* INSTRUCTIONS FOR THE TASK
Restate the last part of the records below word for word, beginning at the line with "Roze lint en" and ending at the final line.

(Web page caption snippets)

"""

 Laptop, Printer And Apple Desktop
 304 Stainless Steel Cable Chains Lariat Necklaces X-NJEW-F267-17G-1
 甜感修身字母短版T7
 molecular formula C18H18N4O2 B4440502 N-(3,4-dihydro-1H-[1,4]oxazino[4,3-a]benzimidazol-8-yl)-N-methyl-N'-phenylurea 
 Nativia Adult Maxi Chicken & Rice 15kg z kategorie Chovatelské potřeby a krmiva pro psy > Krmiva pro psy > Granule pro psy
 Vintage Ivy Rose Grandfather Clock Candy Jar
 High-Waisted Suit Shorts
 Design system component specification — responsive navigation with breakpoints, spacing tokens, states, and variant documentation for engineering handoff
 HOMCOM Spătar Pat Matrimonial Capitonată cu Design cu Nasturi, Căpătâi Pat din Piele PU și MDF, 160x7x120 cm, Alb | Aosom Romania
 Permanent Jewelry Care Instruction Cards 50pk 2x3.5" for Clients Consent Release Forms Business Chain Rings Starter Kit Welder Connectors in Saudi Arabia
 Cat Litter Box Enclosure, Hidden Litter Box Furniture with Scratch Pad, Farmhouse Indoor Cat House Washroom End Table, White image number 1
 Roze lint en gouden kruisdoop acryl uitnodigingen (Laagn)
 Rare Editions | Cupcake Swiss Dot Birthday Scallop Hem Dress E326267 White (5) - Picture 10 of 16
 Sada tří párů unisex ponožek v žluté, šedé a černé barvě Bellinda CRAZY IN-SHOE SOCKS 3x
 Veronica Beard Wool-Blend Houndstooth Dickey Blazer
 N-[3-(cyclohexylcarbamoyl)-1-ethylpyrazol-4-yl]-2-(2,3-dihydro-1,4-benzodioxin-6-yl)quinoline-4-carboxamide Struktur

"""

* ANSWER FOR THE TASK
 Roze lint en gouden kruisdoop acryl uitnodigingen (Laagn)
 Rare Editions | Cupcake Swiss Dot Birthday Scallop Hem Dress E326267 White (5) - Picture 10 of 16
 Sada tří párů unisex ponožek v žluté, šedé a černé barvě Bellinda CRAZY IN-SHOE SOCKS 3x
 Veronica Beard Wool-Blend Houndstooth Dickey Blazer
 N-[3-(cyclohexylcarbamoyl)-1-ethylpyrazol-4-yl]-2-(2,3-dihydro-1,4-benzodioxin-6-yl)quinoline-4-carboxamide Struktur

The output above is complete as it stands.